How important is this? In the traditional pizza-box server rack architecture, approximately 25% of the power — which could be in the 12 – 15 kW range — is consumed by the cooling fans.

Oxide is working closely with its component partners, going so far as to co-develop custom circuit boards for its power supplies so that it can collect detailed telemetry and closely control power (including limiting overall power consumption). For example, an administrator could configure the rack to consume no more than 8 kW, and the power controller would manage the power consumption of the CPUs and other components.

Similarly, Oxide has replaced the traditional server baseboard management controller (BMC) used for out-of-band management with an embedded service processor and has eliminated the BIOS (which dates back to the days of CPM and the first PCs in 1981).

The Oxide rack supports 2048 AMD Milan CPU Cores, 32 TB RAM, 1024 TB raw storage, and 6.4 Tb/s layer 2/3 network switching. The rack includes two network switches that can switch 6 billion packets/second. The compute sleds connect to the system through a custom backplane that provides both power and networking. This means that the system is cable-less — there are no cables interconnecting the CPUs to the built in network switches. Nor are there power cables to each sled.
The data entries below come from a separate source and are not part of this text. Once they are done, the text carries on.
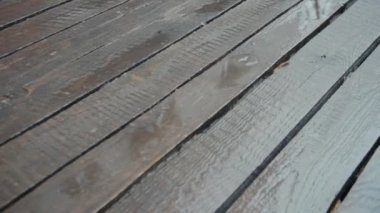Yağmurda eski boyanmamış tahtalar. Kamera hareket ediyor. Raindrop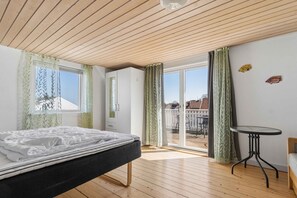4 bedrooms, free WiFi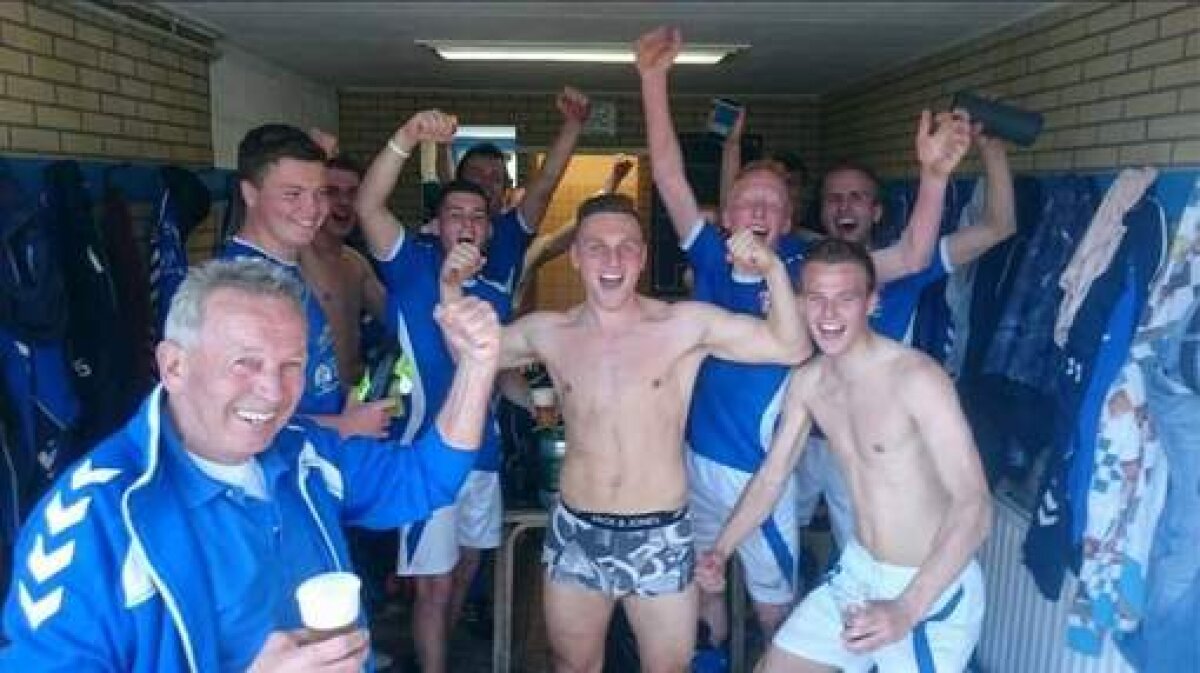 FOTO Și fetele ca fotbaliștii de la Real! O imagine din vestiarul galacticilor e trolată de toată lumea pe net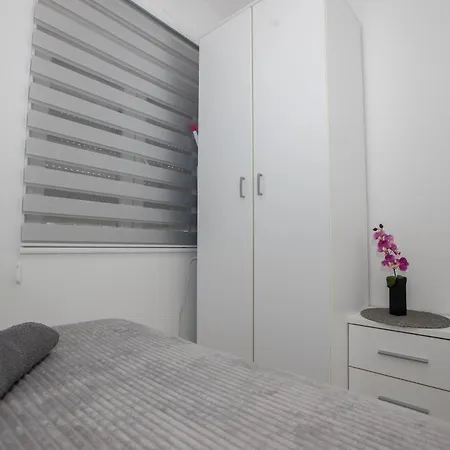 Nikola * 트레빈예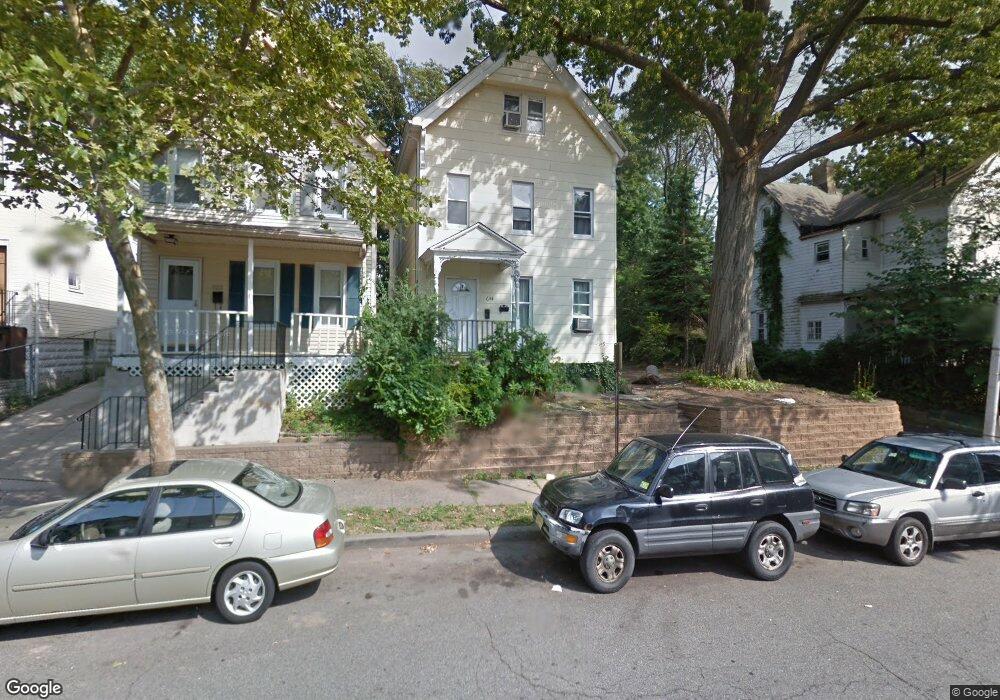 634 Lincoln Ave unit 2, Orange, NJ 07050 - photo 1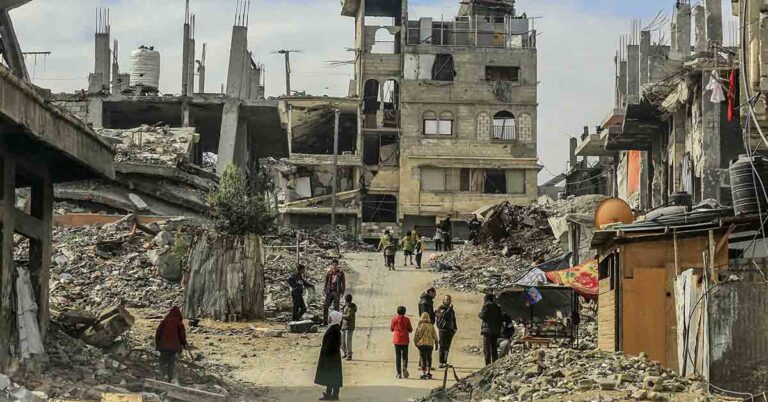‘Doctor Who’ Star Says Gaza Peace Deal Changed Her View of Trump - Featured image
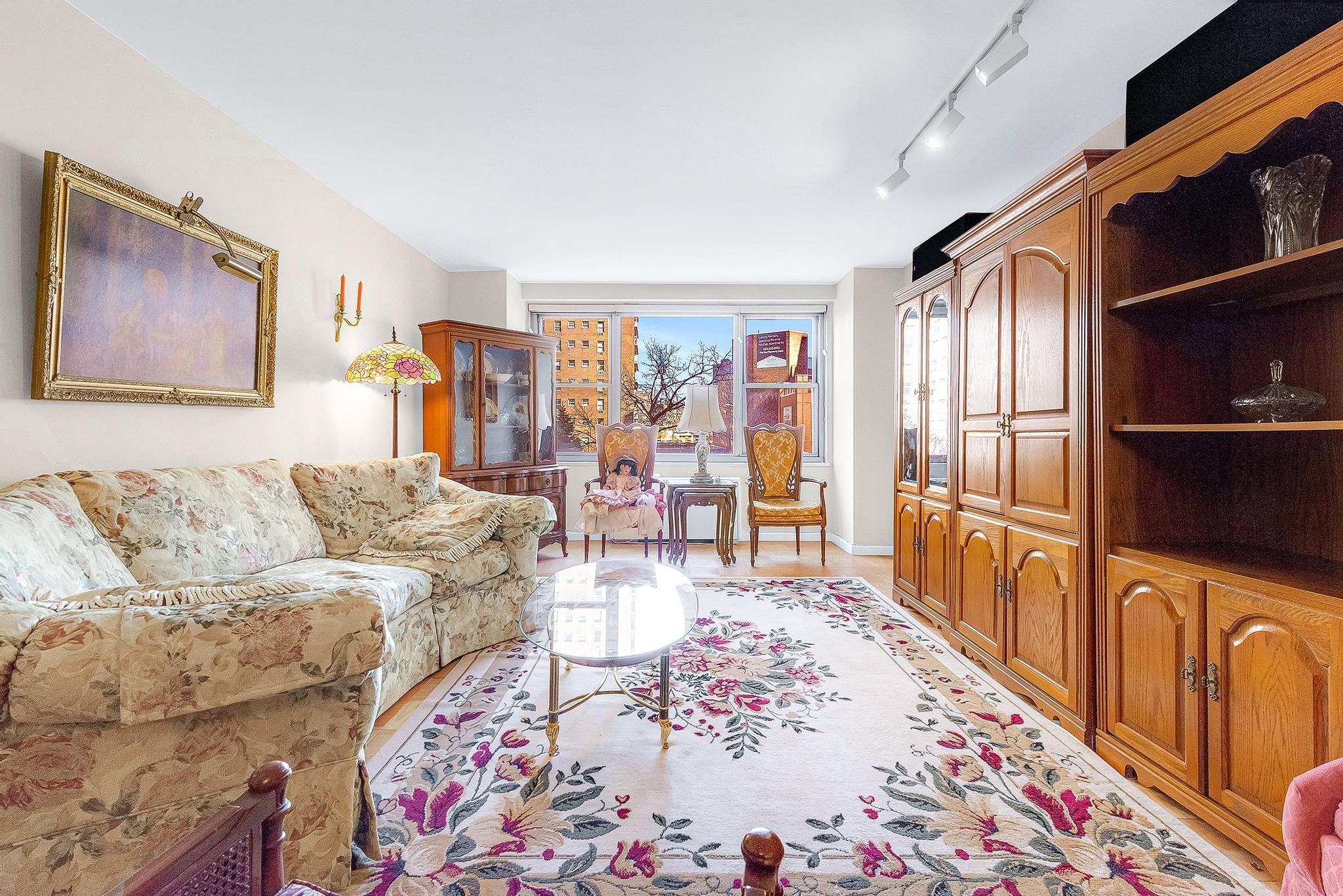Coop Yellowstone  Queens, NY 11375, MLS-834970-5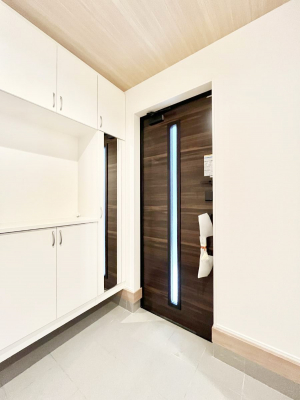 ���ց@���ʔ��͂��Ƒ��̎ʐ^��G�߂̃C���e���A�ŏ���I�Ƃ��ĉ��o�ł��܂�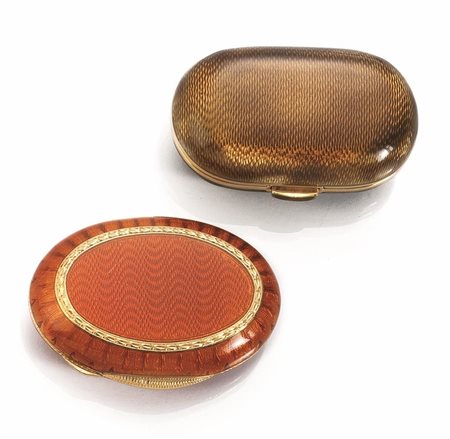 DUE SCATOLINE IN ORO GIALLO E SMALTIrispettivamente di forma ovale con smalto...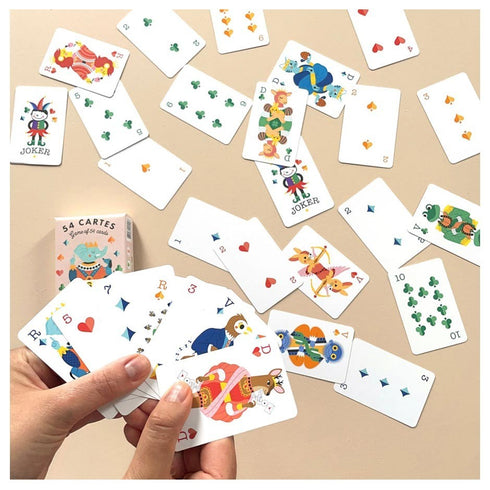 Main tenant des cartes du jeu de 54 cartes en éventail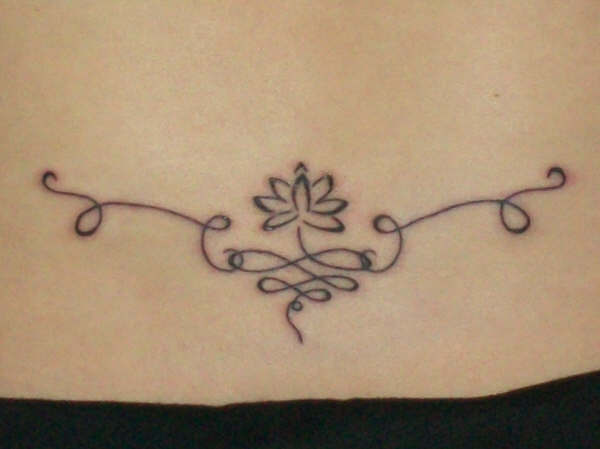 Christine - Swirly lotus tattoo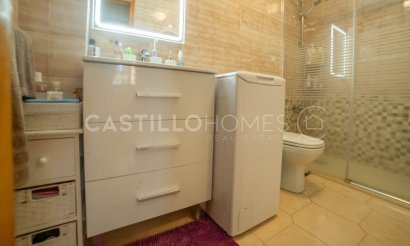 Resale - Apartment / flat - Torrevieja - Punta Prima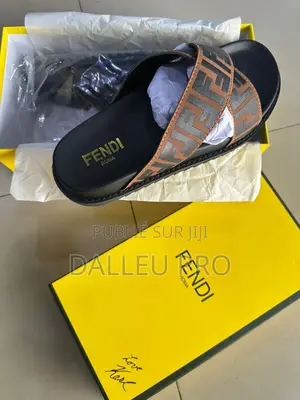 Photo - Sandales Fendi Roma Original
Speaking of power, the rack consumes up to 15 kW of three-phase AC, and Oxide’s fanatical devotion to reworking every bit of the architecture enables it to optimize compute density and compute efficiency (CPU cores per square foot and CPU cores per Watt).

Security

Near and dear to my heart, Oxide designed-in (rather than bolted on) security. Each sled includes a hardware root of trust to secure the boot process and provide a foundation for encryption and the software chain of trust. Thus, Oxide has a “secure-by-design” system, including the boot process:

During manufacturing, each hardware root of trust is provisioned with a unique private key and matching certificate, enabling public-key cryptography and validation that the system was produced by Oxide.
On power on, the hardware root of trust cryptographically validates its own firmware.
As the rack boots, each physical CPU is held in reset while the firmware is measured. This measurement enables system software to know what firmware was booted by asking the root of trust.
Verifiable secret sharing provides remote attestation, protects data at rest, and protects against boot-time attacks.
A secure secret storage service avoids keeping secrets in RAM and has strict ACLs limiting access and use of secrets.

The Analyst Take

It may be shocking to some, but there are thousands of organizations that need to deploy massive cloud-scale compute power on-premises. Until Oxide, if you were one of these organizations, you were stuck with decades-old computer and rack architecture. Oxide makes it possible for organizations to use the same architecture as the CSPs and to recognize the same benefits, including:

simplified system management
cloud computing software paradigm
cloud rack-scale hardware consumption model
power and cooling savings
increased compute density
increased flexibility
increased hardware efficiency and density
increased DevOps engineering productivity

Disaggregation may be an avant-garde exercise for haute quisine Michelin-starred restaurants.

For modern organizations that require on-premises cloud-scale computing resources, Oxides investments in re-thinking and re-architecting the server rack to create a cloud-scale rack that duplicates the cloud environment on-premises, disaggregating CPU, memory, storage, and networking is a game-changer.